# New stuff lurking around the corner



## kingkip (Apr 20, 2006)

Times in electronics right now are pretty amazing. All sorts of new technologies right around the corner. 

Diplay technologies that look cool:
SED should rival the best plasma and lcd flat panels and provide way better black levels and color saturation.
Platlight LEDs will eliminate the color wheels on RPTVs and provide nearly limitless (20000+ hours) without degredation of a lamp. Now if only they can figure out how to convert that to front projectors.
Mistubishi is beta testing laser technology for their DLP RPs. The colors should be able to reflect the entire visual range. Again no lamp to burn out.

Digital is finally starting to look like an option for amplification in higher end HT and audio applications. Cheaper, cooler running, more powerful, smaller and less costly than traditional technologies. One can only hope that the SQ is up there as well. Seems like very soon it will be.

Wireless HD video is just around the corner as well. Say goodbye to HDMI cabling problems. Right now they can send a very lossless 1080i signal. I won't miss running cables through the ceiling.

AVRs are starting to look more and more like HTPCs and modular add-ons look to be the way of the future. Hopefully soon they will also start seriously adding in video scaling/upconverting. I know many of you will say that many already perform that function, but I am talking about performance on par with a separate scalar. That should keep the AVR as the centerpiece of many HTs.

What do you guys think about this stuff? I, for one, am excited and a little confused. It seems like it is harder than ever to make a decision to buy now or wait just a bit longer for the new technology to come out. 

Turns out, as usual, that I need more cash.


----------



## kingkip (Apr 20, 2006)

As an addendum, I realize that not all this stuff is about video displays, but I am too lazy to make two different posts.


----------



## kingkip (Apr 20, 2006)

Is there any other technologies anyone else is excited about? Mitsu should have a laser driven DLP out as soon as next year and 3 chip DLPs are dropping dramatically in price. There has to be something else out there. Anyone? Bueler... Bueler...


----------



## Phil M (Apr 19, 2006)

Well Kingkip I don't want you to feel lonely out here:

1080p has to be the future - just when we've spent all this money on 1080i/720p. Haven't seen a display yet but read an awesome review of the first 1020p DLP projector.

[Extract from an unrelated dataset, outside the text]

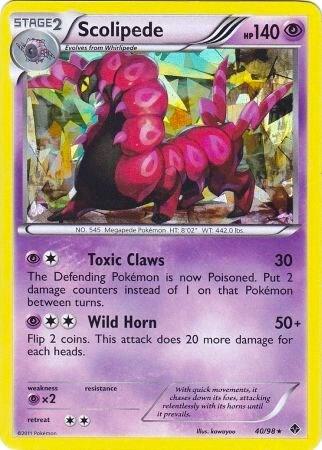 Scolipede 40 98 BW Emerging Powers 040/098 (Deck Exclusives)  - Holofoil | Good Games Adelaide SA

Also agree with you on digital audio - Meridian seems to be leading the way here and already has a great reputation to build from.


----------



## bobgpsr (Apr 20, 2006)

Except for CRTs the digital technology displays are inherently progressive. Yes it seems dumb that a 1080p capable display should only have a 1080i input. The benefit would not be any more detail but rather better display of motion for true 1080p60 sources. 1080p does require higher bandwidth than 1080i and the HDMI chips that can handle it are just now becoming available.

I admit that I'm more excited about 7.1 DTS HD and 7.1 Dolby TrueHD lossless audio. The new HD DVD format supports them but we have yet to see a player hardware implementation.

Bob


----------



## kingkip (Apr 20, 2006)

I'd be really interested to see a 720p projector in a side by side with a 1080p. I would like to know how much closer you could sit without seeing the pixels. 

I suppose that without a good processor that noise and other artifacts would still be a problem and may force you to sit further away anyhow.


----------



## bobgpsr (Apr 20, 2006)

I admit that I quite often sit so close (30") to my 37" 1080p LCD that I see Screen Door Effect (SDE) :blink: . But that is when I'm using it as a computer monitor and I'm typing at the table it sits on. Lets me be very very picky about source resolution. I sit at 8ft when watching movies or HDTV so yes, I agree a 37" 720p display would work almost just as well for that. Those who can afford it and take the effort get Sony Ruby projectors :dollarsign: and 110" screens utstanding: 

Bob


----------



## fibreKid (Apr 20, 2006)

Very soon the time will be right for yet another Video test DVD. One with several Video sequences mastered in 720p, 1080i and 1080p. It would be a fun demo for the home, much like the PC graphics card demos. Only then will the consumer population be able to compare. Now the trick will be getting the store to allow you to play it.


----------